Will Rogers has a quote that is as insightful as it is humorous. “There are three kinds of men. The one that learns by reading. The few who learn by observation. The rest of them have to pee on the electric fence for themselves.”
The word voraciously can be applied to describe my reading habits; however, I am not sure I learn anything more than various little facts that impress people at cocktail parties. Do I learn best by reading, watching, or doing?
When we lived in Iceland, I spent a couple weeks at a camp where I learned to ride in the proper English style. The experience retains a place inside me of profound adventure and excitement. One of the best parts of my youth.
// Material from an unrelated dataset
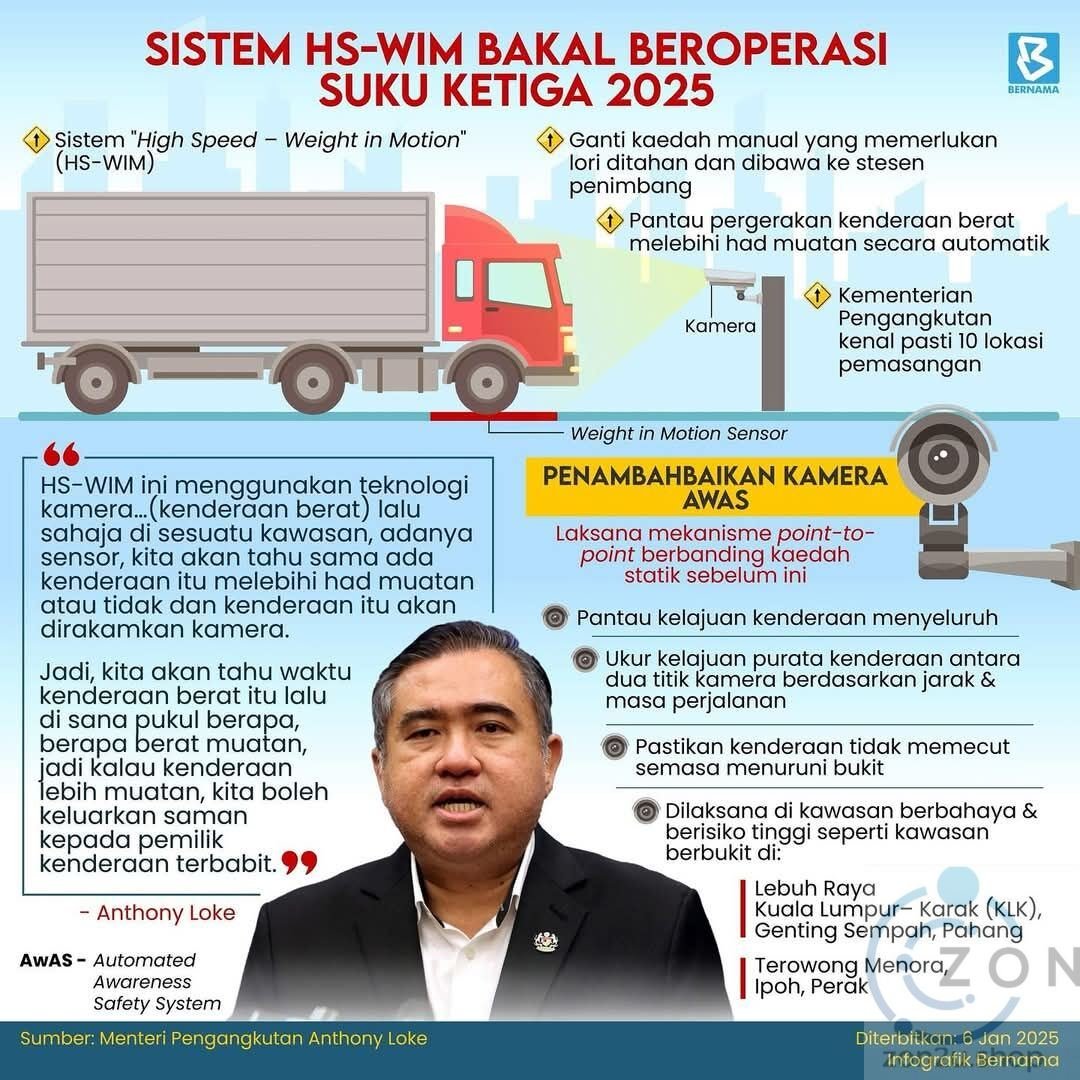 Sistem Kamera HS-WIM untuk Mengesan Lori Terlebih Muatan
So in 1983, we come back to visit some of my father’s family in Kentucky. When I went out front, I saw that there were some horses in a corral across the highway from my Uncle Frank’s and Aunt Reva’s place. What did I do? Wandered down and crossed the road—I needed to see these horses because they were a bit taller than the Icelandic horses.
When I got up to the pen, I noticed that a single wire kept the horses penned in their enclosure. I thought to myself, “Now who would try to keep horses in with a tiny little wire?” So, I grabbed it.
From out of nowhere, someone hit me with a baseball bat. I stepped back and looked around. Nothing. I shrugged and grabbed the wire again. And again someone dropped a ton of bricks on my 11-year-old person. But I was bound and determined to get into the pen. The bricks kept on pounding me.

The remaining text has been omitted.